For anyone who doesn’t follow pensions closely, the one thing that “everyone knows” about the new state pension is that you need 35 years of National Insurance contributions to get a full pension.
Except that this is not the case.
There are people with more than 35 years who don’t get a full pension.
And there are people with less than 35 years who do get a full pension.
In this article I will try to do two things. First, I will explain how the new state pension is actually worked out. And second, I will explain why the rules are as they are.
As pensions minister between 2010 and 2015, a large part of my job was designing and implementing the “new”, post-2016 state pension, so this is something I have spent rather a long time on.
Firstly, there are two stages in working out someone’s new state pension entitlement.
Step 1: The ‘foundation amount’
The first is to work out what is referred to in legislation as your “foundation amount” at the point the new system was introduced on 6 April 2016.
In simple terms, this is the greater of the amount you had built up by that point under the old rules, and how much you would have got under the new rules.
The idea of this part of the calculation is to provide protection for people who might otherwise have seen a cut in their pension if the new rules were imposed overnight.
To be more precise, the foundation amount is the greater of:
The “old rules” calculation
A full basic pension (currently £156.20 a week) for 30 years or more of contributions, plus any additional earnings-related pension (also known as SERPS or State Second Pension) which you had built up by this point.
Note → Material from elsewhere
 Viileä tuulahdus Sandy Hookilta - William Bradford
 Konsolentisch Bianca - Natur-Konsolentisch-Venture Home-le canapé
Or,
The “new rules” calculation
A full flat rate pension (currently £203.85 a week) for 35 years, minus a substantial deduction for past periods when you were “contracted out” into a workplace pension; I explain more about contracting out later on;
For those whose foundation amount is in excess of the full flat rate, their pension is locked at this figure (but will still benefit from inflation increases) – further contributions from the 2016-17 tax year onwards have no effect on their pension.
Step 2: Years from 2016-2017 onwards
For each full financial year from 2016-17 onwards, an extra 1/35th of the full flat rate is added to your foundation amount until you reach the full flat rate. Once these extra years bring you up to the full flat rate, no further addition to your state pension is possible.
Based on a full flat rate of £203.85 per week, each extra year from 2016-17 onwards adds 1/35th of this amount, £5.82 per week, to your state pension.
One consequence of this structure is that even those with a big deduction for contracting out can – eventually – build back up to a full state pension on top of their company pension, provided they have enough years of post 2016 contributions.
Why did the Government design the system like this?
At first glance, the two-stage process I have described for working out the new state pension looks unnecessarily complicated.
Why not just pay everyone a full pension for 35 years and a pro-rata amount if they have 34 years, 33 years, and so on?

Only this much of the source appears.